O pacto histórico é uma coalizão que não pode ser desfeita. Conforme a legislação eleitoral, ela é uma coalizão que deve trabalhar como bloco dentro do Congresso. Nós queremos ampliar os aliados dentro do Pacto Histórico, mas não precisamos de aliados que nos exijam um toma lá dá cá para aprovar reformas.
Não precisamos de aliados pela metade. Precisamos de aliados que tenham compromisso com um programa concreto de reformas. Na medida que esses aliados não votam conforme os compromissos que foram realizados, obviamente isso tem repercussões na maneira como se efetua a composição do gabinete do Presidente da República. Tem repercussões nos ministérios, repercussão nos cargos de responsabilidade intermediária.
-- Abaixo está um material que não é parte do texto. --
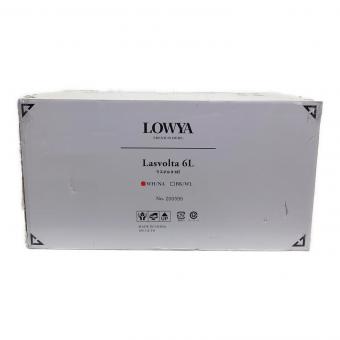 LOWYA (ロウヤ) 6灯シーリングライト LED 未使用品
Nenhum governo, nenhum processo que pretenda construir um cenário de reformas capazes de alicerçar uma nova possibilidade de ação para mudanças mais aprofundadas, para construir de fato o poder popular, para gerar uma transformação muito mais elevada, que seja capaz de quebrar de vez com privilégios históricos e atender a uma expectativa social, pode avançar apenas através dessas questões institucionais.
Precisamos gerar concomitantemente a isso um conjunto de iniciativas cidadãs, um conjunto de iniciativas de base, inciativas oriundas dos trabalhadores e trabalhadoras, dos movimentos sociais, com o objetivo de que eles acompanhem o processo, defendam o processo.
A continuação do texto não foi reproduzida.